British retail sales slowed more than expected in June and mortgage approvals fell on the year last month, indicating higher interest rates may be starting to bite.
Nevertheless, signs consumers are tightening their belts are unlikely to deter the Bank of England from raising rates further and futures prices in the financial markets indicate rates are likely to hit 6 percent by the end of the year.
A survey from the Confederation of British Industry on Wednesday showed June was the weakest month for retailers since November. Sales of clothes, housing goods and furnishings were particularly hard hit as higher borrowing costs and wet weather kept shoppers off the High Street.
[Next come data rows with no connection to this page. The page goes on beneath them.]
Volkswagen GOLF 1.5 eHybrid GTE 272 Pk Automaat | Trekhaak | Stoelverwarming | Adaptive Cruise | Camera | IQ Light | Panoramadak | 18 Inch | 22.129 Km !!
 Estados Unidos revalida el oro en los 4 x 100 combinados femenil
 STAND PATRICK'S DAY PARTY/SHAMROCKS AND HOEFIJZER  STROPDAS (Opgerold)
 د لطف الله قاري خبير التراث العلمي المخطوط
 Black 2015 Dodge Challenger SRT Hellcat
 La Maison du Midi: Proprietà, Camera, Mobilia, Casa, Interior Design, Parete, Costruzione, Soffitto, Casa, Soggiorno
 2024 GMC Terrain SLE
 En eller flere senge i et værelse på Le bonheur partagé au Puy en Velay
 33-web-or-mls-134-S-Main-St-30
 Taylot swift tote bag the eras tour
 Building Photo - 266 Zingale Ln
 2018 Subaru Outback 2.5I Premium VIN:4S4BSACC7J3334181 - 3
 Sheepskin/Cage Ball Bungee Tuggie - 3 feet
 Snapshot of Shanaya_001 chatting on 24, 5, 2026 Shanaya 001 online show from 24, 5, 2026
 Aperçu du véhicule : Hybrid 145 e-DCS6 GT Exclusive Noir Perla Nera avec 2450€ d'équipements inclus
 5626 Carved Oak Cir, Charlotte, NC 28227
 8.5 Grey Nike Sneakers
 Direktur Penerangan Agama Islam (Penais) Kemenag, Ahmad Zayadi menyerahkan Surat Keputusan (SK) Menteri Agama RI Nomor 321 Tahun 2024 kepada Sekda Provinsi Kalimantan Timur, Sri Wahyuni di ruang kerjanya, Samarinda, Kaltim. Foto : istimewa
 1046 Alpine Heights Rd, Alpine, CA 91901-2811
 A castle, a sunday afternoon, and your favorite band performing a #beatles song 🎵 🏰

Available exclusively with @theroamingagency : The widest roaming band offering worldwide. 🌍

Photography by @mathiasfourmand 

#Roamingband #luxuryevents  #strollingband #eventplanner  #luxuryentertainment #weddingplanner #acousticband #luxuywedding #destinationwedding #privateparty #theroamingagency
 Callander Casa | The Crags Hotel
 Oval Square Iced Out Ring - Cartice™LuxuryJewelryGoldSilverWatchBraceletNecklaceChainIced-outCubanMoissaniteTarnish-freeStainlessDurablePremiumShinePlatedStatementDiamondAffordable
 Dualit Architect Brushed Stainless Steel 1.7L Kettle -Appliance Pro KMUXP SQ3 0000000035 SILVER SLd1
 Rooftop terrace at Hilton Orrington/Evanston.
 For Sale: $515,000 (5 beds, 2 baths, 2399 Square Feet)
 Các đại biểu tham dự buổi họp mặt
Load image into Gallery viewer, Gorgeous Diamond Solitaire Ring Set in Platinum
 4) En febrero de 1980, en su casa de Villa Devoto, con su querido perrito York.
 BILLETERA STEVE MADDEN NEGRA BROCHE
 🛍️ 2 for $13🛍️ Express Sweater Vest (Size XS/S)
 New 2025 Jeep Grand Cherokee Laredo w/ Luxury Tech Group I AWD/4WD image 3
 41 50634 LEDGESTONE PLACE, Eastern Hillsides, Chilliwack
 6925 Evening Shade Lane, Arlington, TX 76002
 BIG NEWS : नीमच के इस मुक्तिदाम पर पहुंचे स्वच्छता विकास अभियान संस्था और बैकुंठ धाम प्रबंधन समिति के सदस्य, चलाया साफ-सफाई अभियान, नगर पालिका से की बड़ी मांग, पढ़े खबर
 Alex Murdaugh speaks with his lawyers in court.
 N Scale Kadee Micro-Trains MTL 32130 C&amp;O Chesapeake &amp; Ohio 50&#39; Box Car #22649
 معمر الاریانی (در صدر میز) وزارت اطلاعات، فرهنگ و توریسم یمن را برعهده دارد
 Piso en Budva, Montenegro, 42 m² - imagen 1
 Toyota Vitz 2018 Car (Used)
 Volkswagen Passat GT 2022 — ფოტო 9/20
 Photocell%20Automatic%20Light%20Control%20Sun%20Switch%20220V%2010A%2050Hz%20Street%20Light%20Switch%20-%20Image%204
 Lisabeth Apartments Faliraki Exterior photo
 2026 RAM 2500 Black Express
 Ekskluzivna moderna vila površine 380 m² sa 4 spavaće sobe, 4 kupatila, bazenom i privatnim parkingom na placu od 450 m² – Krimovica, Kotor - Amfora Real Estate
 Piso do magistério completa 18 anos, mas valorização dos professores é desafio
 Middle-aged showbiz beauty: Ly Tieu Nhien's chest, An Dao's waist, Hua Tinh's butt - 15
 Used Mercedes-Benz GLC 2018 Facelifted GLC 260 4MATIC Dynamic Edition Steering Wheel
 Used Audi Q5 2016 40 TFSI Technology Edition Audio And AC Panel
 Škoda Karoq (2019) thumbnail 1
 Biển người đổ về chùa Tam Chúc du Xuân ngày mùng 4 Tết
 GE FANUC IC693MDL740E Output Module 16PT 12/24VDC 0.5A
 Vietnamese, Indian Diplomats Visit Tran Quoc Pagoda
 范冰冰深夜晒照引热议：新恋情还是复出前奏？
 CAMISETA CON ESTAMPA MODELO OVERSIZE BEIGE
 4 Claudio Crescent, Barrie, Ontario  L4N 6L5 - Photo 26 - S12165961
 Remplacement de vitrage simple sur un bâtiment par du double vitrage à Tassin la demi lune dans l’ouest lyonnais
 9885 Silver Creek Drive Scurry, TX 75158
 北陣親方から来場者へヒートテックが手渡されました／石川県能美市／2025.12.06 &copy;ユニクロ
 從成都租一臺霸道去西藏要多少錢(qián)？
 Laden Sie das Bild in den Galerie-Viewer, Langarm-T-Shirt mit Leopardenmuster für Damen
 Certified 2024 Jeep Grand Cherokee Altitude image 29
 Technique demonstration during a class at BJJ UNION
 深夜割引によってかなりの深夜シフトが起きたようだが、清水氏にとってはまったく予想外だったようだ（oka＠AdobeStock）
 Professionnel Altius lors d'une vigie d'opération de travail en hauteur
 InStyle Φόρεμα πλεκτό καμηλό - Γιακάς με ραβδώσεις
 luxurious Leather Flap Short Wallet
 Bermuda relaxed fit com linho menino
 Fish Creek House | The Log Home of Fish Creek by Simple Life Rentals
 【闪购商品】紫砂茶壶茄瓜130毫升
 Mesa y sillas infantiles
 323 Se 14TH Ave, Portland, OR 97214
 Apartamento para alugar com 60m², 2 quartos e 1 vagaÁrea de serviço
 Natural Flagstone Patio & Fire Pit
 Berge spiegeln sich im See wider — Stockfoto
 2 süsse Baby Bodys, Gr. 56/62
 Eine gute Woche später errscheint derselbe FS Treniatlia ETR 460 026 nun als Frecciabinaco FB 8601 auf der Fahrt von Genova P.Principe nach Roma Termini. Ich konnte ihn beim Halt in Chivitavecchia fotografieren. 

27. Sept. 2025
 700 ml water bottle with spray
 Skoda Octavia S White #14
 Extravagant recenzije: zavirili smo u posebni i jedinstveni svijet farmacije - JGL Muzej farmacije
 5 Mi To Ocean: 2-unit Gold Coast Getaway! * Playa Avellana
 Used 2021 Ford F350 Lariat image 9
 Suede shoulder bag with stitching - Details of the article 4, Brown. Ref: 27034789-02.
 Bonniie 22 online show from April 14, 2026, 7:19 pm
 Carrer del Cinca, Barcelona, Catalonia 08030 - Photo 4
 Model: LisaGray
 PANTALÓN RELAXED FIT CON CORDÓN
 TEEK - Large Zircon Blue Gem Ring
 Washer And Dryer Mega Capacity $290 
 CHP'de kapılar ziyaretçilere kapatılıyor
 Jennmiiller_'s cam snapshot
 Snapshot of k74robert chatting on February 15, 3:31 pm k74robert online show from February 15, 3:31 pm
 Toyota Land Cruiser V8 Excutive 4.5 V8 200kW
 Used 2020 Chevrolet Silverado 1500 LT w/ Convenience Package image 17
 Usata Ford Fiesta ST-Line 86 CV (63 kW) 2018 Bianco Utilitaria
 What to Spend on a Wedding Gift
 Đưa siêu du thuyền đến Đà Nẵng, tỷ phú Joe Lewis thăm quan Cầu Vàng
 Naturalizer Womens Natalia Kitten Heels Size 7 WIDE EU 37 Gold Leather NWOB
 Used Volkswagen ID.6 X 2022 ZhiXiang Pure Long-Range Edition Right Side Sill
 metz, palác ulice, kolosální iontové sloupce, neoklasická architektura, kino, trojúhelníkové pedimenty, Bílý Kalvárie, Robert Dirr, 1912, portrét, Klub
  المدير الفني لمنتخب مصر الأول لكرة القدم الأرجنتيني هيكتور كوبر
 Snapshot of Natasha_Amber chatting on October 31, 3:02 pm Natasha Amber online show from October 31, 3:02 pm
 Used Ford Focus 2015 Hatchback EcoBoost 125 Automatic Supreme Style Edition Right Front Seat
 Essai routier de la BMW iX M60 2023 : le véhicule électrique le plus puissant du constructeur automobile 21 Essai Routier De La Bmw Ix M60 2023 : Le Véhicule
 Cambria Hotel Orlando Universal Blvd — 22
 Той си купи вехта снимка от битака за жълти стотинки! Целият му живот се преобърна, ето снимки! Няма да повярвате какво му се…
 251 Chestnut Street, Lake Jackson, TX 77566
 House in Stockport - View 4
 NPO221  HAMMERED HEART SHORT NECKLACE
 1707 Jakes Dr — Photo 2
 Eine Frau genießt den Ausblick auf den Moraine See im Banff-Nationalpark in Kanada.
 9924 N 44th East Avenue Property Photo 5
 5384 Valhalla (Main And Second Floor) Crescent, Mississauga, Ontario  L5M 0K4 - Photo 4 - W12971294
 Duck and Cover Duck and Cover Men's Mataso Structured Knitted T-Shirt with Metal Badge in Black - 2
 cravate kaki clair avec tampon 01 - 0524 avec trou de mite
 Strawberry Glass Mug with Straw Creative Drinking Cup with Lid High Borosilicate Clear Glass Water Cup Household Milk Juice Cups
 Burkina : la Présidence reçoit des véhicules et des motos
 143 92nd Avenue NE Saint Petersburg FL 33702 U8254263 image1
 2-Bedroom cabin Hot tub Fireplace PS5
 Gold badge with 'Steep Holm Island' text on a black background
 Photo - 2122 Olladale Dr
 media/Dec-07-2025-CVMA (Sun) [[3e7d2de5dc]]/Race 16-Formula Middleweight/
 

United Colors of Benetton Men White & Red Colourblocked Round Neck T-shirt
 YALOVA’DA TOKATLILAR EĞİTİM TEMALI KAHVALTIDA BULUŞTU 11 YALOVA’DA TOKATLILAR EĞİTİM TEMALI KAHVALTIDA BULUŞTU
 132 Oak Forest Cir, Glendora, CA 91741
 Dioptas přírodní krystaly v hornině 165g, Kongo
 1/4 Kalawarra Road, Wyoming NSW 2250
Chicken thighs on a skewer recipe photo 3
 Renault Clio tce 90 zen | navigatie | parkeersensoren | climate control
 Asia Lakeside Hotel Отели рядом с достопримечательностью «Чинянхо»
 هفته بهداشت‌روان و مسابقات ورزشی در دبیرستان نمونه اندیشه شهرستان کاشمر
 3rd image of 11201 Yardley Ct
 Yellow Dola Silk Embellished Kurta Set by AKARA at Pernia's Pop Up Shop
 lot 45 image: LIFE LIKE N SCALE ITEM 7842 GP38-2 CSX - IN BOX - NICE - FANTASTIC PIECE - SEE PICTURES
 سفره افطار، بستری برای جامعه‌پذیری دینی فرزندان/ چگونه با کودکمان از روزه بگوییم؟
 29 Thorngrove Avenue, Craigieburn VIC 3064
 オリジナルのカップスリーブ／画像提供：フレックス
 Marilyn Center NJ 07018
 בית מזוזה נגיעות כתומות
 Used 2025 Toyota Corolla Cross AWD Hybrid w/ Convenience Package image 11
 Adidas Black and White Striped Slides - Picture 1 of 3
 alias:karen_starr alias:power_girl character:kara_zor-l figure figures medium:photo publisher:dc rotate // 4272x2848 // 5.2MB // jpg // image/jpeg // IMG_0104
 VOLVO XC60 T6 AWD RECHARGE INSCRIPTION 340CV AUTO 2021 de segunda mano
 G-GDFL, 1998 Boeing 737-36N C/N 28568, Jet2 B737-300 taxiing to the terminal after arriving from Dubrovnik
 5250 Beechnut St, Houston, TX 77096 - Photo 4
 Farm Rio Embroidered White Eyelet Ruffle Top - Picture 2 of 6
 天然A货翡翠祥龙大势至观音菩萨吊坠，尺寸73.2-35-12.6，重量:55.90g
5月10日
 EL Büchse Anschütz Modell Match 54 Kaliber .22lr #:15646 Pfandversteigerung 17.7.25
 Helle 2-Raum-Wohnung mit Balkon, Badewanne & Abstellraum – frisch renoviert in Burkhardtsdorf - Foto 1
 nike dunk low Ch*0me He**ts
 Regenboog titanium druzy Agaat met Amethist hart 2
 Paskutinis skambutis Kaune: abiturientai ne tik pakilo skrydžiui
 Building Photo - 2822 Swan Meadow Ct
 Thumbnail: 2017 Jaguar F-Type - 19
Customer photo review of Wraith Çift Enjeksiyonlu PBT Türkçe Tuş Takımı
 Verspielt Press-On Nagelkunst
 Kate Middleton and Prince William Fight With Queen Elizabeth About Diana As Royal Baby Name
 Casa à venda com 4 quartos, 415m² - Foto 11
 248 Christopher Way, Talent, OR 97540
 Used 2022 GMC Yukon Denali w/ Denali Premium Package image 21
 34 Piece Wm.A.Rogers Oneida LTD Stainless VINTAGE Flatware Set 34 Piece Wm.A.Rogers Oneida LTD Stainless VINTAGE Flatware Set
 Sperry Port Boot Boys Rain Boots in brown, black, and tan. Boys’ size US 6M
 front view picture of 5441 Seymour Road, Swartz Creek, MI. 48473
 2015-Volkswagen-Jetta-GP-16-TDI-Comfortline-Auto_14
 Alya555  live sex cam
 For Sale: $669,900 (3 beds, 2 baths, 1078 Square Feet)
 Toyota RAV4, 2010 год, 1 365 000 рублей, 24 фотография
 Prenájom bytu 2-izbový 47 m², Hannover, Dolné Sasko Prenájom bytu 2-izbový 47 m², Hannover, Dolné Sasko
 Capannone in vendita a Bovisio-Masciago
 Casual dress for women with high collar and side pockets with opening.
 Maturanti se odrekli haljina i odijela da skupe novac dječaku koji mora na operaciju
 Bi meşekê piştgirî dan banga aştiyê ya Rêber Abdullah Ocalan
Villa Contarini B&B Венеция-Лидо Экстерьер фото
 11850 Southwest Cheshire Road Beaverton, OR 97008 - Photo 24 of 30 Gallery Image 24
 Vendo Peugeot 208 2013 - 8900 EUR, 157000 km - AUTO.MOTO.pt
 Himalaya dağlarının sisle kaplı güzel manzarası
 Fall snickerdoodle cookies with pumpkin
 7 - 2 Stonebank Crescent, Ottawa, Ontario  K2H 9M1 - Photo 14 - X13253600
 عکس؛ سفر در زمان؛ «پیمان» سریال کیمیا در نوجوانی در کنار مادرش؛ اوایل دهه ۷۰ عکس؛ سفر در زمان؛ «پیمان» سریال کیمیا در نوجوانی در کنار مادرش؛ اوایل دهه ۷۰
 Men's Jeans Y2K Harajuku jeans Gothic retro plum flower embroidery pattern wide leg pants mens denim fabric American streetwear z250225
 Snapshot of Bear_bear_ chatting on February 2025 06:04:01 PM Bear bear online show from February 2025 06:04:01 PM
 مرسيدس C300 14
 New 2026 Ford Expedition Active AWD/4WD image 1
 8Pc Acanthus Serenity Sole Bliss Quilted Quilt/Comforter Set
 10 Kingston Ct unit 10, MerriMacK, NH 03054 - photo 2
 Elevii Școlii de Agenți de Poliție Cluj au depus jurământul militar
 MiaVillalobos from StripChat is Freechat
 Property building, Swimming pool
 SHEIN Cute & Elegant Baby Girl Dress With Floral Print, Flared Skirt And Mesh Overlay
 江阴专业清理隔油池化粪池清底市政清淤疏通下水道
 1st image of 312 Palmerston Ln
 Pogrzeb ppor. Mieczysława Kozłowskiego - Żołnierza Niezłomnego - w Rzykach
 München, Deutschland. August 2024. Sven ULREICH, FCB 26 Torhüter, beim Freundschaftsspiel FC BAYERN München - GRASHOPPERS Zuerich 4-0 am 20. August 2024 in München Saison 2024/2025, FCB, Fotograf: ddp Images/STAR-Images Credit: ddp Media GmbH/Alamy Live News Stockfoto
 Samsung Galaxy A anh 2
"The figures provide evidence the consumer is beginning to feel some ill effects from the BoE's ongoing tightening campaign - albeit, we would argue, not sufficiently weak to forestall a rise in rates to 6 percent this year," said Richard McGuire at RBC Capital Markets. Minutes of the central bank's June meeting showed four of the nine Monetary Policy Committee members opposed the decision to leave rates unchanged this month at 5.5 percent, a six-year high, arguing demand growth needs to slow to bring inflation back to target.
The bank has raised interest rates four times in less than a year to the highest level among the Group of Seven industrialised economies. How fast and how high interest rates eventually rise will depend to a large extent on how quickly the housing market loses steam.
Bank of England Deputy Governor John Gieve said on Tuesday there were "glimmers of a slowdown" in the property market, even though house prices were still rising fast, particularly in London. However, house price inflation is still running at around 10 percent on most measures.